Records from a data collection:

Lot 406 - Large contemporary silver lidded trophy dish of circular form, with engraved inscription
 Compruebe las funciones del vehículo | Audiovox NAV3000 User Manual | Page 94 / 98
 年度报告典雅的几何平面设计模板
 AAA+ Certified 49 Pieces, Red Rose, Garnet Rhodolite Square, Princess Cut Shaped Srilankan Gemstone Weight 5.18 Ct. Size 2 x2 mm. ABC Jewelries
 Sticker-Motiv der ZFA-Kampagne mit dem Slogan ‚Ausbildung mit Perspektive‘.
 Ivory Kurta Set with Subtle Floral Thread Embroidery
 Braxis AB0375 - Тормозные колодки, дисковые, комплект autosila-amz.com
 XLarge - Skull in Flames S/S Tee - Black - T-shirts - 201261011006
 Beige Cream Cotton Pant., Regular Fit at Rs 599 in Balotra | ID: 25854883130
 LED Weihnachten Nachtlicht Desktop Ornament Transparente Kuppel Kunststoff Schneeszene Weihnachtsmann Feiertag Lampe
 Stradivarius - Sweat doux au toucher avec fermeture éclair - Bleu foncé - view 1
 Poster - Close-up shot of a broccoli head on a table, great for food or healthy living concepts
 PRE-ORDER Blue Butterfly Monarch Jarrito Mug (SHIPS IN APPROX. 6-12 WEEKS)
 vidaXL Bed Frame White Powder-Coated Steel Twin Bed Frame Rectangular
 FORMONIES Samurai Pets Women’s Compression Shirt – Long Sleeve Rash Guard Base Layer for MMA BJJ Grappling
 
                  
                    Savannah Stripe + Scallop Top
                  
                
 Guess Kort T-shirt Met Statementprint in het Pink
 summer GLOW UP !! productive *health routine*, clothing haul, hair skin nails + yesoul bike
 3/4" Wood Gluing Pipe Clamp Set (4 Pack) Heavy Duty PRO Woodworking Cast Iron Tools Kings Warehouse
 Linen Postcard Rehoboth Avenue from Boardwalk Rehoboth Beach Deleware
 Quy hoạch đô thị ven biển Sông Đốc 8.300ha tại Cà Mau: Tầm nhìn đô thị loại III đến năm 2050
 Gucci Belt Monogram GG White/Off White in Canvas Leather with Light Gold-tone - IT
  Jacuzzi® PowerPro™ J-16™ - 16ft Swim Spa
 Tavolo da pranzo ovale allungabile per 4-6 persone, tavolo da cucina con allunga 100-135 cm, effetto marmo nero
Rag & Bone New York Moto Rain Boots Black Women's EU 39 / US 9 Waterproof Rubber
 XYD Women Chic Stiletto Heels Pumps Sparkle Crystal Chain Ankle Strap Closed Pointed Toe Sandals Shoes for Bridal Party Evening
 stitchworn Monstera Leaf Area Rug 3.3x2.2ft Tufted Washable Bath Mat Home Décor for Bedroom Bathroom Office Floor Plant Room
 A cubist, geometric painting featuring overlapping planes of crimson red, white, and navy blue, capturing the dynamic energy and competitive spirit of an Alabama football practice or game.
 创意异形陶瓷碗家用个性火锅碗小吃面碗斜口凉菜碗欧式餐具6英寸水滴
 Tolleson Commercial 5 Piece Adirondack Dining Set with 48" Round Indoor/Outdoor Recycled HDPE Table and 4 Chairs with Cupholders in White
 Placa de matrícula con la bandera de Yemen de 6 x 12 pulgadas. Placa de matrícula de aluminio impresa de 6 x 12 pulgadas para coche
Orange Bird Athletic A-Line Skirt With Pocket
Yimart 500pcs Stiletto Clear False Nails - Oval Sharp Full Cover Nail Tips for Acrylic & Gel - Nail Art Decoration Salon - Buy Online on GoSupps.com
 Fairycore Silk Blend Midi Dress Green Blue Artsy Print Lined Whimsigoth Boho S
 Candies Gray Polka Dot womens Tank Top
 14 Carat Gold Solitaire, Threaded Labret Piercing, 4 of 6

__Task details__.
Copy out only the lines above from the one with "Jacuzzi® PowerPro™ J-16™ - 16ft Swim Spa" to the one with "XYD Women Chic", inclusive, exactly as they stand.

__Response below__.
  Jacuzzi® PowerPro™ J-16™ - 16ft Swim Spa
 Tavolo da pranzo ovale allungabile per 4-6 persone, tavolo da cucina con allunga 100-135 cm, effetto marmo nero
Rag & Bone New York Moto Rain Boots Black Women's EU 39 / US 9 Waterproof Rubber
 XYD Women Chic Stiletto Heels Pumps Sparkle Crystal Chain Ankle Strap Closed Pointed Toe Sandals Shoes for Bridal Party Evening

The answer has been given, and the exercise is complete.